November 03, 2009|By LAKIN THOMAS / Pulse correspondent

o Unplugged: A teen tries a tech-free day

In this age, we seem to rely on technology more than anything else. Even when we don't realize it, we are using technology. From popping that Hot Pocket into the microwave to punching endless numbers into the calculator, our fingers are thriving to touch the latest and greatest gadgets.

Have you ever really considered how much technology you use in a day? On an average day, how many of these do you use - laptop, cell phone, alarm clock, microwave. That's just naming a few. You may not realize it, but simple, everyday tasks are becoming reliant on using some form of technology.

Technology is slowly taking over our world, but that's not to say that it is a bad thing. Some of this new technology is helping us keep in touch with our troops overseas and others are helping us keep track of our never-ending busy schedules. We also use new gadgets to help us keep in touch with people who are up in space, to make sure that things are running smoothly. As you can see, technology may be frustrating to work with, but it really does help us accomplish what needs to be done.


We are also becoming a more advanced world. Take the cell phone for instance. Everyone's got one. You may have had a cell phone since you were 8 years old, or you might have just gotten it for your birthday last week. XCell phones were made so that it was possible for people to reach anyone no matter where they are. But when is the last time you actually saw someone carrying on a lengthy conversion using a cell phone. We have progressed past that. Now people are using cell phones to text, check their e-mail, search the Web, and find their way to work using a GPS. That's crazy! In addition, if you have an iPhone, the possibilities are basically endless. You can order clothes, check out local restaurants, and so much more. What would we do without this stuff now that we've become so used to it?

Although the cell phone is a popular form of technology, there are many, many others that we might not even realize we rely on every day. For example, can you think about how many times you use a microwave in a week? I bet you would be surprised by the result.
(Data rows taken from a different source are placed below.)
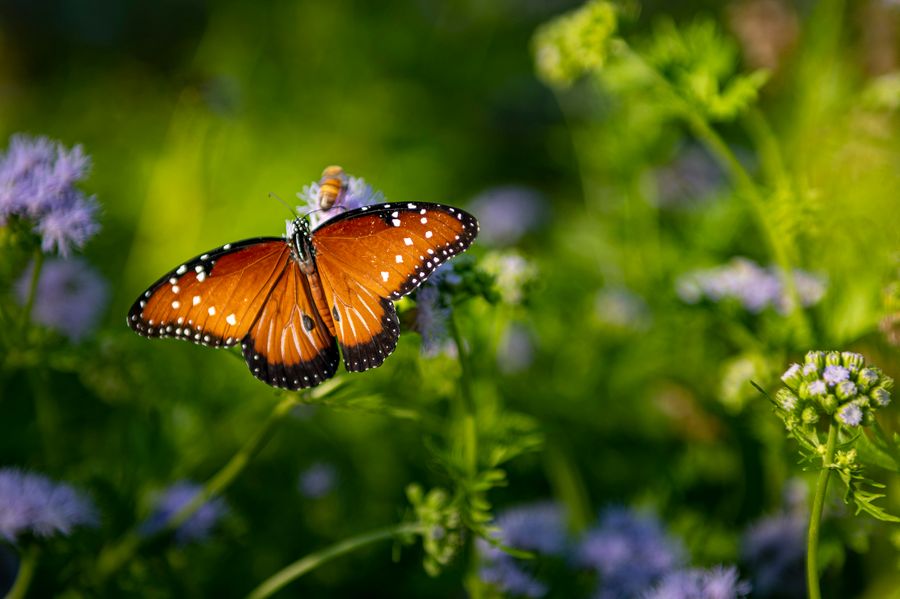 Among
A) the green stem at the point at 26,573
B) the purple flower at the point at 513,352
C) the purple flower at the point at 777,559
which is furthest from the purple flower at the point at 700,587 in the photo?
the green stem at the point at 26,573

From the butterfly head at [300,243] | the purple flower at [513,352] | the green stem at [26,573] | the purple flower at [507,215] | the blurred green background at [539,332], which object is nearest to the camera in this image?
the butterfly head at [300,243]

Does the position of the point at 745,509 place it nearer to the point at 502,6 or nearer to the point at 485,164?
the point at 485,164

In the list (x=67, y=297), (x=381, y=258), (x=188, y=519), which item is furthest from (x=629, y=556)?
(x=67, y=297)

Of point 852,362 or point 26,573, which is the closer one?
point 852,362

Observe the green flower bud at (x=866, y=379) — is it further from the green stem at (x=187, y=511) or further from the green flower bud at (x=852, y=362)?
the green stem at (x=187, y=511)

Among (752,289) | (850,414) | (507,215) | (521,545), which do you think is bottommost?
(521,545)

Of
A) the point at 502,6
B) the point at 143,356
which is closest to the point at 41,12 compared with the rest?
the point at 502,6

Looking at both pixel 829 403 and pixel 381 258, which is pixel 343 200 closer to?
pixel 381 258

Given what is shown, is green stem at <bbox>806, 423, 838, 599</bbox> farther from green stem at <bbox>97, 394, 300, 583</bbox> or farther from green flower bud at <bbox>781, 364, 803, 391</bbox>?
green stem at <bbox>97, 394, 300, 583</bbox> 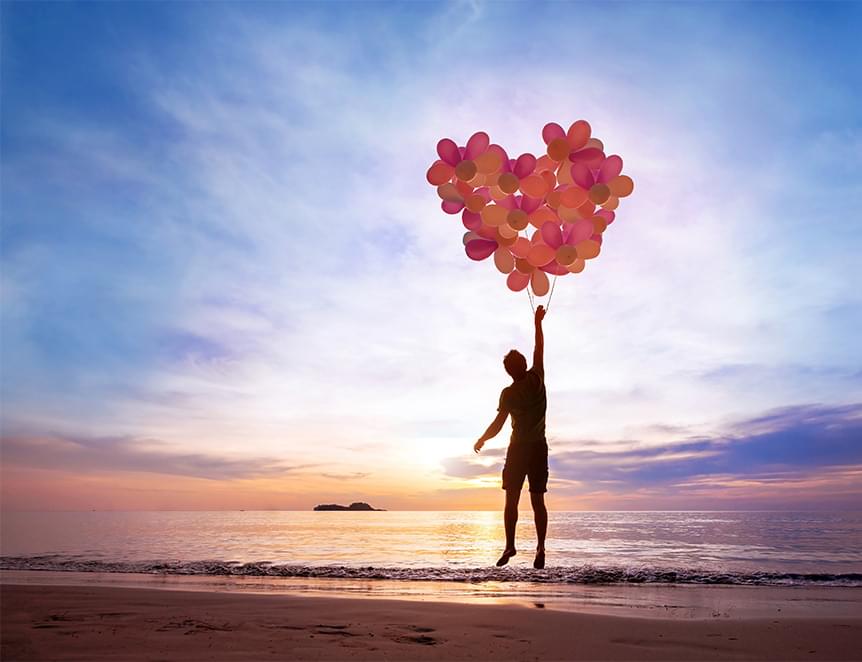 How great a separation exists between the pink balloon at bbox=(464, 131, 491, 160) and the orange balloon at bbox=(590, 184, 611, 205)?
938mm

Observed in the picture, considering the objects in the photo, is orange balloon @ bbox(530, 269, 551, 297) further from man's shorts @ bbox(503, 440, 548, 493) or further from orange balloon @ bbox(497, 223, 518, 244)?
man's shorts @ bbox(503, 440, 548, 493)

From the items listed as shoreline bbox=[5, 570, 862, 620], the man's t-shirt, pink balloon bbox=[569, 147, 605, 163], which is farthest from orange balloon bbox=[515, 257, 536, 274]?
shoreline bbox=[5, 570, 862, 620]

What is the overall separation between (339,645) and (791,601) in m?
11.4

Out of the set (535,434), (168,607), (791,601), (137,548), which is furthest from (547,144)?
(137,548)

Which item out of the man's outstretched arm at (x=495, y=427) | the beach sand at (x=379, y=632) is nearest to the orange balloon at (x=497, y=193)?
the man's outstretched arm at (x=495, y=427)

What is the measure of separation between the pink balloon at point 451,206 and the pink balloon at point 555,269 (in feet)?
2.95

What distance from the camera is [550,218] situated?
17.4 ft

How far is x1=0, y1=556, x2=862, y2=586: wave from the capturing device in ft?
60.6

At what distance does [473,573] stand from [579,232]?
54.5 ft

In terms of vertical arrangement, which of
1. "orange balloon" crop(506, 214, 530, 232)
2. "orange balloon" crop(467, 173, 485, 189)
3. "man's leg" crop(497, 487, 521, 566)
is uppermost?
"orange balloon" crop(467, 173, 485, 189)

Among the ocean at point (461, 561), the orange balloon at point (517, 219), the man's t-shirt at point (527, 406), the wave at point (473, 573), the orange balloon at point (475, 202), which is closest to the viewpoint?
the man's t-shirt at point (527, 406)

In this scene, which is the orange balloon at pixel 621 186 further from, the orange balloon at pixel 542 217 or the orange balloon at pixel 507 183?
the orange balloon at pixel 507 183

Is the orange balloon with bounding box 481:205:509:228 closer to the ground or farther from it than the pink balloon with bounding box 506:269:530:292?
farther from it

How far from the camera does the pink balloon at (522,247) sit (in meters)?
5.35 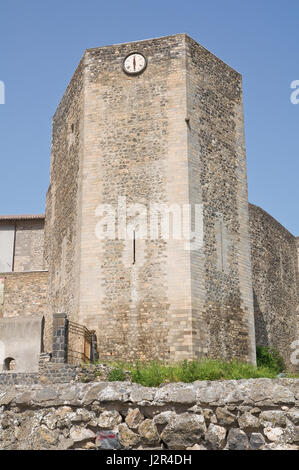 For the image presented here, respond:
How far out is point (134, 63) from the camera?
1766 cm

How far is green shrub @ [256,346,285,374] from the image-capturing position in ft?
68.2

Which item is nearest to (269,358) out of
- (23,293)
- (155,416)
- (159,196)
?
(159,196)

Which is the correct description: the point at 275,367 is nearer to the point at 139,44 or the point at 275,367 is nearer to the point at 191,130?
the point at 191,130

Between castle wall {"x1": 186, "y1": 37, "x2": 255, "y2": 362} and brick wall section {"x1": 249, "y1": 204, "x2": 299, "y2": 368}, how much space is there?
5760 mm

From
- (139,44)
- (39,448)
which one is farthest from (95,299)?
(39,448)

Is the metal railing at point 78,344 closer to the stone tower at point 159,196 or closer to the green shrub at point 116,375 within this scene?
the stone tower at point 159,196

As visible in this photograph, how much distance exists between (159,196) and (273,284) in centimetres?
1043

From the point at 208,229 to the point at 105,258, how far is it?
2936 millimetres

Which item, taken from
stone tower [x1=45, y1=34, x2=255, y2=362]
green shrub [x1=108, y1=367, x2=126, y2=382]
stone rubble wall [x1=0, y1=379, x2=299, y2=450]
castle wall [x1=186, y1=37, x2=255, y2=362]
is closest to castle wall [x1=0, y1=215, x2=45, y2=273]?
stone tower [x1=45, y1=34, x2=255, y2=362]

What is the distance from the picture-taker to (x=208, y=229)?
16641 millimetres

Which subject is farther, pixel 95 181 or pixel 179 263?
pixel 95 181

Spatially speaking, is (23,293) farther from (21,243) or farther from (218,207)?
(218,207) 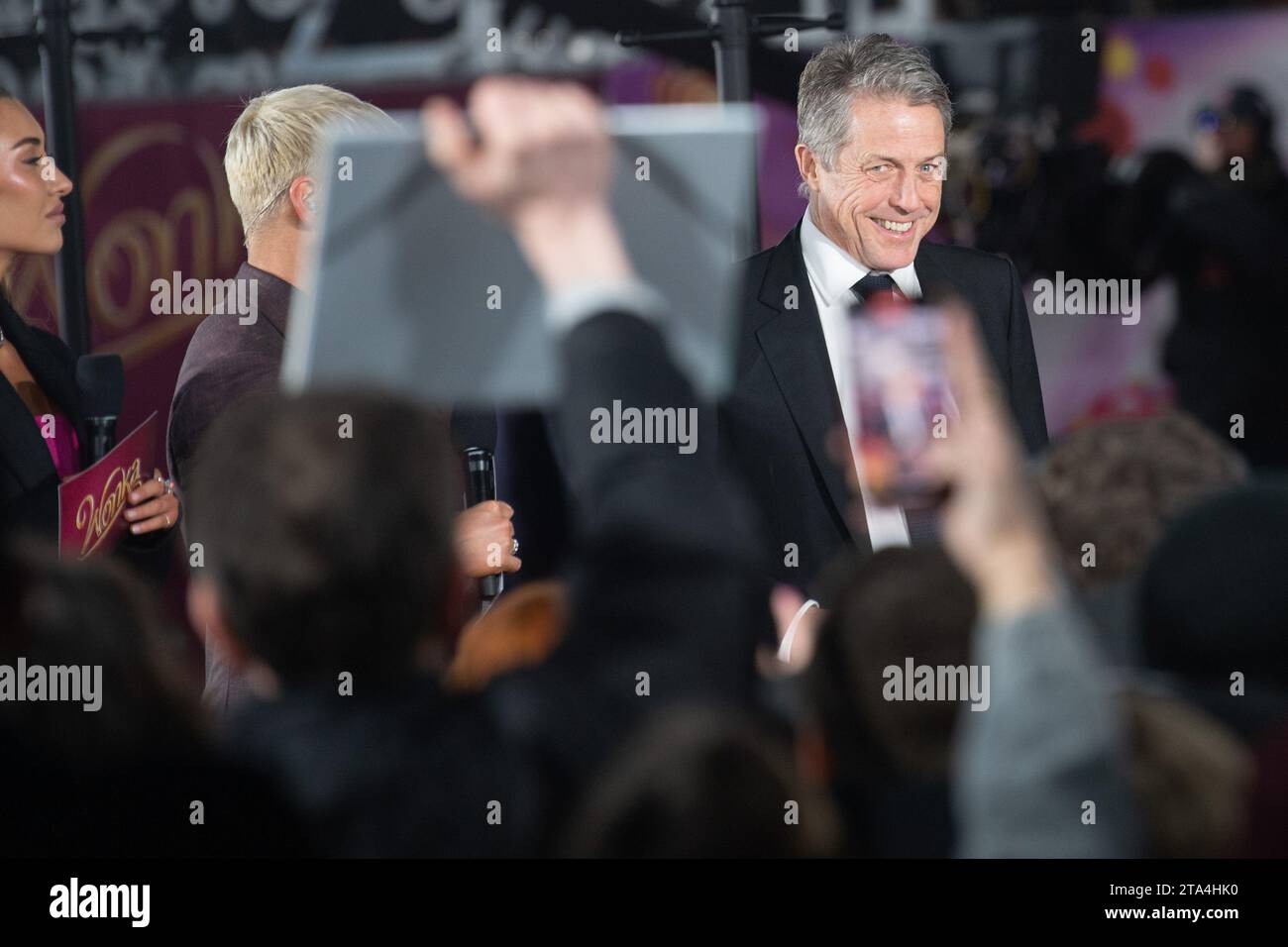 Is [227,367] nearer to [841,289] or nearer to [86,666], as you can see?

I mean, how could you possibly cook a microwave meal, if you didn't have a microwave?

Okay, here's a tough question: Could you survive without technology for one whole day? I talked to a few students from North Hagerstown High to find out what they thought about this challenge.

Emily Simmons, 15, said on an average day, she uses three basic forms of technology: her cell phone, her computer, and her iPod. Probably, the same three that most teenagers use on a day-to-day basis.

Melody Kight, 14, said she uses her cell phone and computer, and watches TV in her spare time. Watching TV is probably another top contender for forms of technology that teens use.

Both girls use a variety of technology, but could they go an entire day without it?

Emily said she probably could, but it would be very difficult with such a busy schedule.

Sometimes technology such as the cell phone is important to have when doing things such as sports and other extracurricular activities.

Melody's thought was based on her cell phone. She said her cell phone was "a key part of my day," and not having it would make it difficult for her to make plans and get things accomplished.

Another student from North High, Andrew Grove, 15, said it might be hard, but he could spend a whole day without technology. Drew said the three forms of technology he uses the most are watching TV, using the computer and playing video games.

As for his cell phone use, Drew said, of course should have need one because you never know when you might need it.

As you can see, our generation is becoming more and more dependent on using technology to help us do things easier and faster.

Is this a good thing or a bad thing? I'll leave that up for you to decide.

Lakin Thomas, 15, is a sophomore at North Hagerstown High School. She and fellow Pulse correspondent Brigitte Grewe have the same type of laptop.